Myra’s initial instinct was to intellectualize her experience by researching her diagnoses and her surgeries, but this quickly led to more nightmares. Instead, she found counseling to be immensely helpful in restructuring some of her coping mechanisms and allowing her to heal from her trauma. Even after her cranioplasty, one of the last physical hurdles of her recovery, life had not returned to the same “normal.”
“It had changed me, both physically and psychologically…my perspective on things had changed permanently,” she recalls, endorsing a newfound self-confidence that simply was not part of who she was prior to her stroke. She felt rejuvenated as an individual and as a practitioner. “I now realized that life was too short to push aside your own happiness.”
From Patient to Practitioner in the Time of a Pandemic
“Why did I survive?” Myra asks. “It was a lot of luck. The luck of having encountered a special group of doctors at each critical moment…I’ll pay it forward as much as I can.”
A year after her initial injury, Myra returned to work as a nurse practitioner. Despite her background, Myra frequently found medicine to be reductive as a patient.
“I felt like I was being treated like a series of scans on a screen,” she recalls of the months long waiting time before her cranioplasty, which she suggested moving up. “I told them my concerns…even though the logical part of my brain knew it would be stupid.”
When reflecting on ways that her experience changed her clinical practice, she notes that she is very mindful of the language she uses, paying special attention to the verbal and nonverbal manner she communicates with patients.
“Words have meaning, experience matters,” she reflects. Myra was more ready than ever to fulfill the role of advocate for so many of her patients after having been one herself.
Being an essential medical provider during this current health crisis, after so recently being a patient herself, has brought on some new hurdles.
“Especially now, with COVID-19 and intubation being constantly talked about daily…there is a lot of psychological trauma that comes along with an ICU experience,” Myra explains. She counts herself as one of the lucky ones, however. Reflecting on her experience in comparison to that of current ICU patients, “It was awful going through it then, but I can’t imagine how it must be now. I woke up to chaos, but I had some familiarity in the chaos.”
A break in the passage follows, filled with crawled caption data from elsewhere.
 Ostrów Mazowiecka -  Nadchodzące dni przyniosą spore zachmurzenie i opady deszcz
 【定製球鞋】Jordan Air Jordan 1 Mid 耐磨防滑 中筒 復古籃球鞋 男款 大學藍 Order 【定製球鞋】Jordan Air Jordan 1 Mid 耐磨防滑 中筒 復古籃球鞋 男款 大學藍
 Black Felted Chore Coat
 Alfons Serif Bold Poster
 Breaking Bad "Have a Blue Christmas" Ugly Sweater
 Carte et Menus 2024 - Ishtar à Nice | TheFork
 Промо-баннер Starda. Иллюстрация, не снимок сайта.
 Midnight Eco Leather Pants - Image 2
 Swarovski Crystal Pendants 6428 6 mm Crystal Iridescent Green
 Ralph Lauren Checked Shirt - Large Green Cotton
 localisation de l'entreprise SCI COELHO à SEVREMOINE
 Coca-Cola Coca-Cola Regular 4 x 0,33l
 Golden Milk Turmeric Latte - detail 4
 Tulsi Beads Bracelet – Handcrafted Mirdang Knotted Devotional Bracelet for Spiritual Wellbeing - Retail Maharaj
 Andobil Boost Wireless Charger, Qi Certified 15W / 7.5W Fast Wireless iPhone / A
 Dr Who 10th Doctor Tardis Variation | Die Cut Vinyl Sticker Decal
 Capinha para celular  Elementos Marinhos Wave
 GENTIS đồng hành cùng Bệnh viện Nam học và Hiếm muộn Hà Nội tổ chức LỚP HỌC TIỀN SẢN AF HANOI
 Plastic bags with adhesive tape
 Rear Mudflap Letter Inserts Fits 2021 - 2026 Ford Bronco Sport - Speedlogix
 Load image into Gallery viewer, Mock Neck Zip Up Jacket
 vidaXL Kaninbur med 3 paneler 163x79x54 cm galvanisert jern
At the current moment, critical care capacity at Beth Israel Deaconess Medical Center, like many other hospitals across the world, is at an unprecedented high. The neurology step down unit, PACU, and multiple medical and surgical wards have been converted into ICUs to accommodate the surge of COVID-19 patients. There are no families or visitors allowed in the hospital. All patient-facing healthcare workers are wearing masks, goggles and sometimes shields that obscure their faces. In this time, when families cannot see their loved ones, and patients are critically ill on a scale that many of us have never seen before, Myra’s reflections are a poignant reminder to us all.
“Going through everything from start to finish, the words are what I remember most. Little things that we say in the chaos of everything, a little word here or there, hope or something that we think is nothing, it could even be our tone of voice…it all matters.”